0
votes

I Have 2 large data frames. Each row has lat/lon data. My goal is to do a join between 2 dataframes and find all the points which are within a distance, e.g. 100m.

df1: (id, lat, lon, geohash7)
df2: (id, lat, lon, geohash7)

I want to partition df1 and df2 on geohash7, and then only join within the partitions. I want to avoid joining between partitions to reduce computation.

df1 = df1.repartition(200, "geohash7")
df2 = df2.repartition(200, "geohash7")

df_merged = df1.join(df2, (df1("geohash7")===df2("geohash7")) & (dist(df1("lat"),df1("lon"),df2("lat"),df2("lon"))<100) )

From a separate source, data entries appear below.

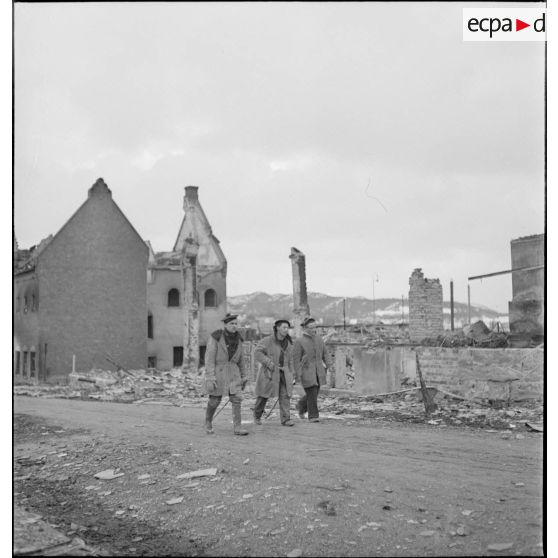 Patrouille de marins français dans Namsos en ruine.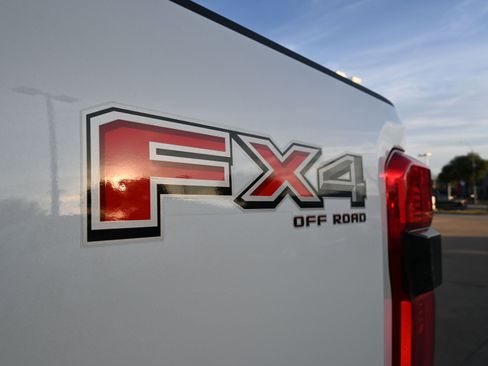 Used 2024 Ford F350 Platinum w/ FX4 Off-Road Package image 14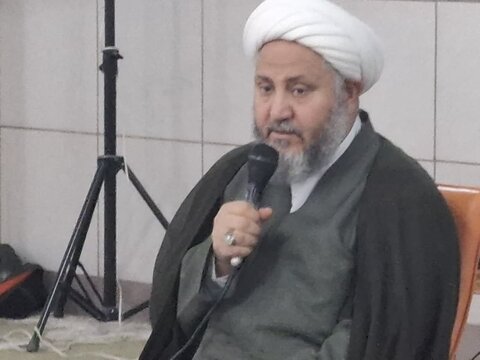 تصاویر/دانش آموزان دختر آران وبیدگلی و روزه اولی ها بر سر سفره ضیافت ماه رمضان درمدرسه ابریشم چی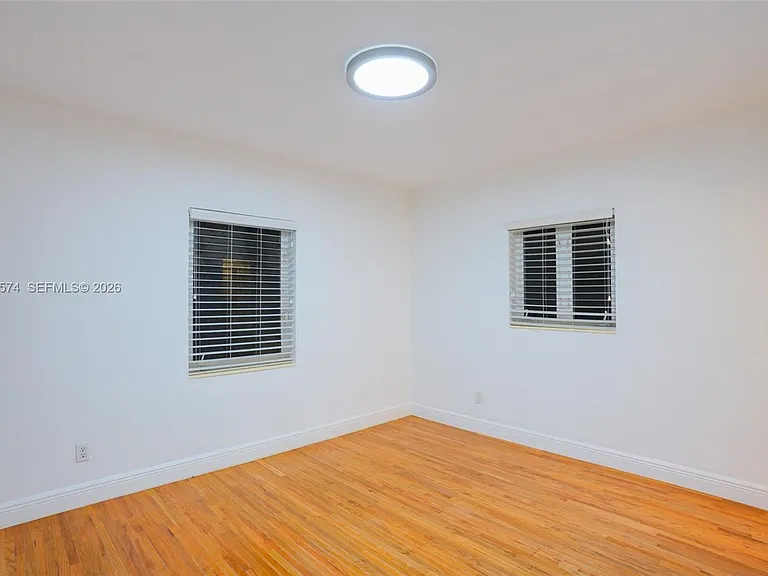 355 Redwood Ln — Photo 13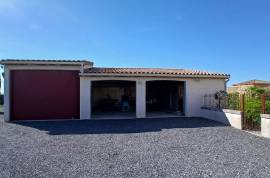 Charming Single Storey Villa With 4 Bedrooms And 2 Bathrooms On A Landscaped Plot Of 1026 M2 With Heated Pool, Garages And Summer Kitchen, In A Peaceful Setting.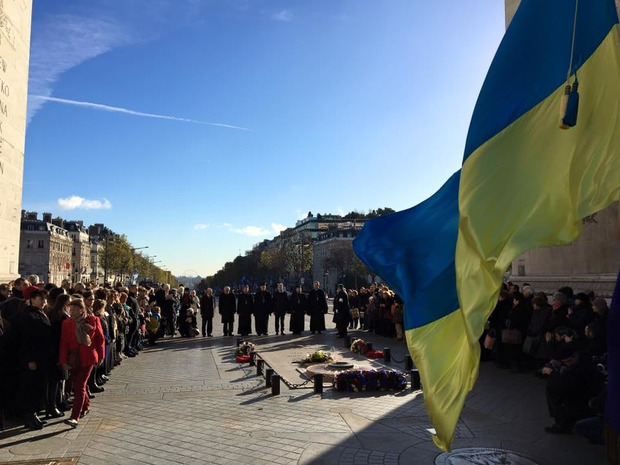 Українці у Парижі вшанували пам'ять Небесної сотні та жертв Голодомору.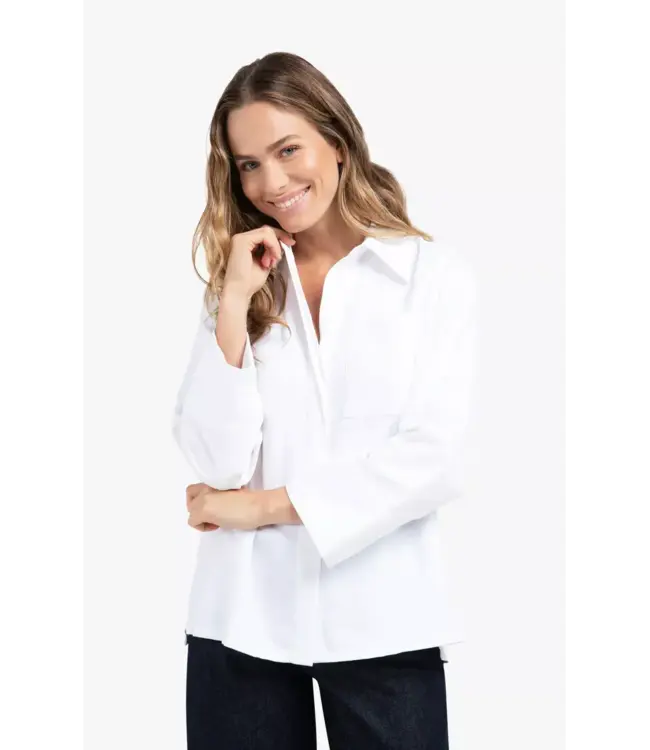 Soft oversized blouse with wide cuffs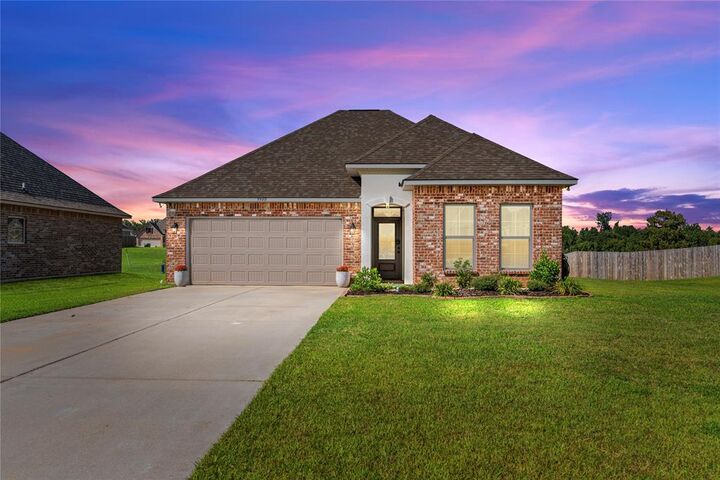 Property Photo:  3940 Jeffery Kyle Drive  LA 71107 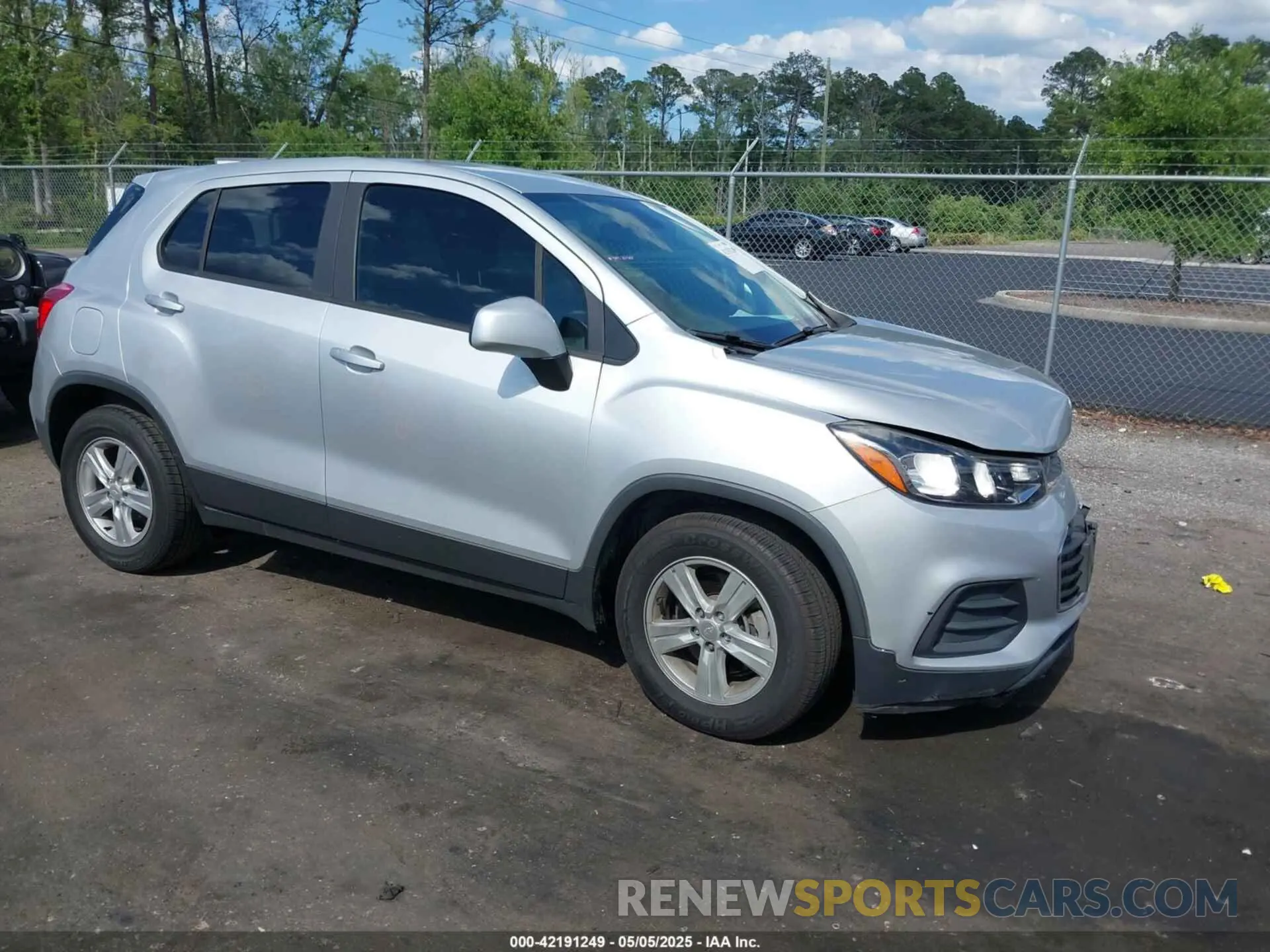 1 Photograph of a damaged car 3GNCJKSB9KL211344 CHEVROLET TRAX 2019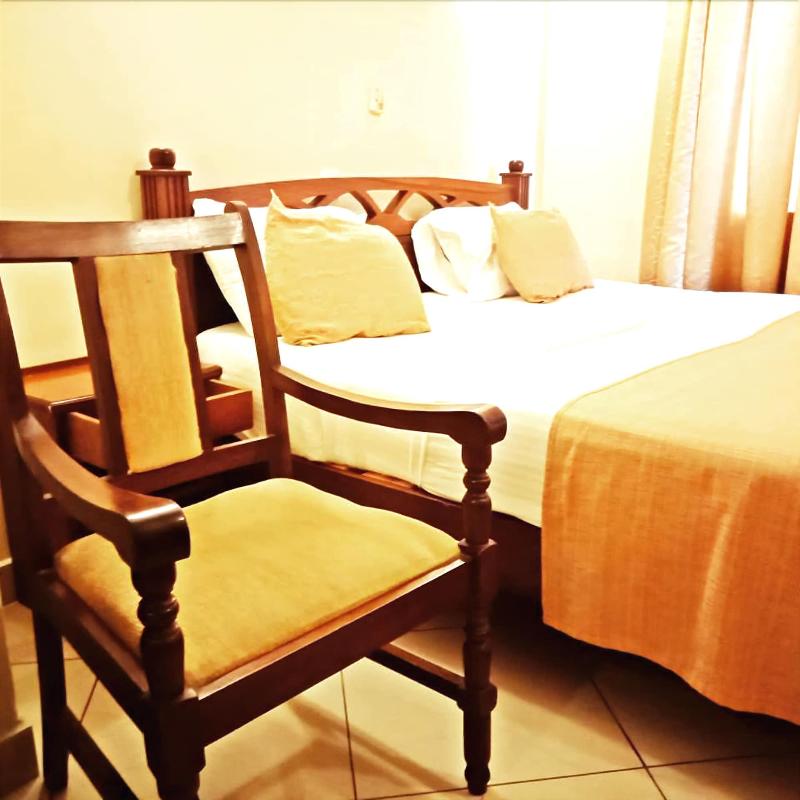 Regency Park Hotel image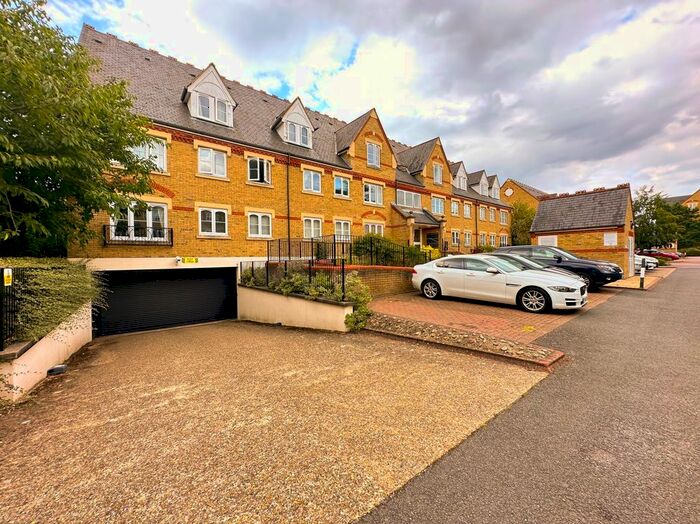 2 Bedroom Flat To Rent In Wellington House, Exeter Close, Watford, WD24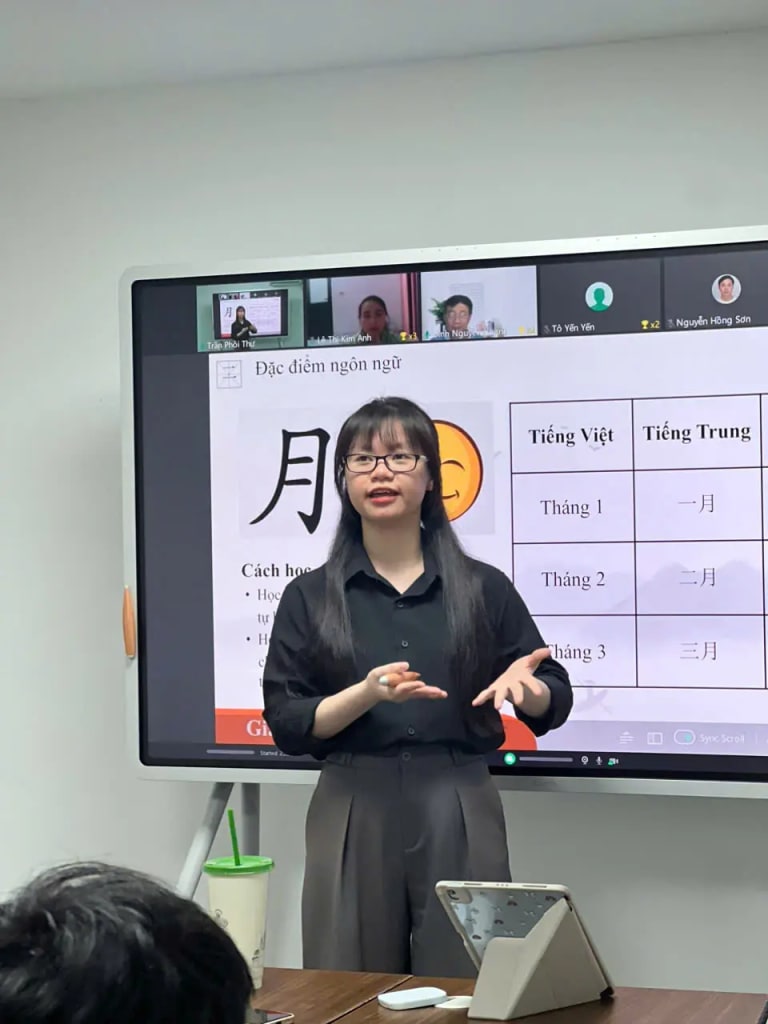 Giáo viên đang hướng dẫn học sinh trên nền tảng OMO ClassIn trong khóa học tiếng Trung đại học D4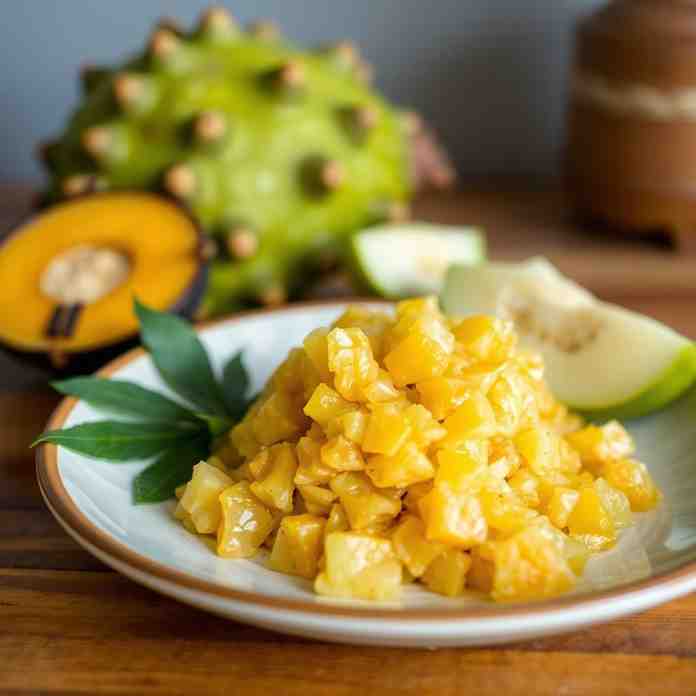 Easy Hawaiian Food - Make ʻUlu Poi (Breadfruit) Today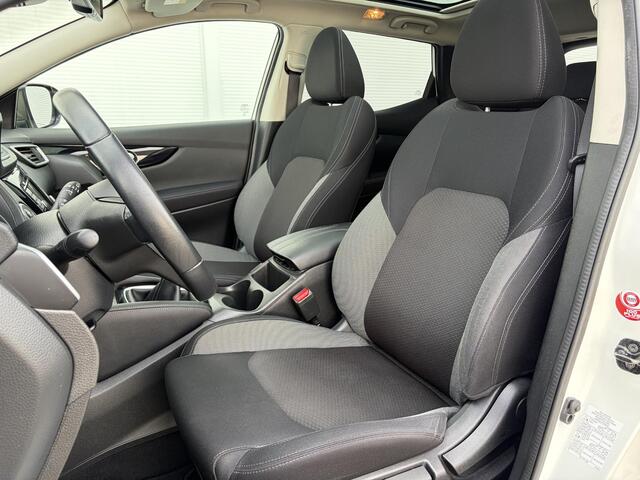 Nissan QASHQAI 1.3 DIG-T Design Edition / Trekhaak ( 1300 kg ) / Apple Carplay/Android Auto / Airco (automatisch) /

So basically join on geohash7 and then make sure distance between points is less than 100. The problem is that, Spark actually will cross join all the data. How can I make it only do inter-partition join not intra-partition join?

1
Have you checked the plan by .explain()? I don't understand the code will do the cross join. - Lamanus
what is dist doing? I am correct that it is an udf calculating the euclidian distance between the two points? This would explain the cross join - werner
dist calculates the haversine distance between two points. Yeah it seems that what I want is not supported by spark. After some playing with it, I think spark is not doing a cross join because geohash-7 condition is in join statement. If I remove the geohash-7 matching condition, the query runs much slower. - solora

1 Answers

0
votes

After much playing with data, it seems that spark is smart enough to first make sure a join happens on the equality condition ("geohash7"). So if there's no match there, it won't calculate the "dist" function. It also appears that with equality condition, it doesn't do cross-join anymore. So I didn't have to do anything else. The join above works fine.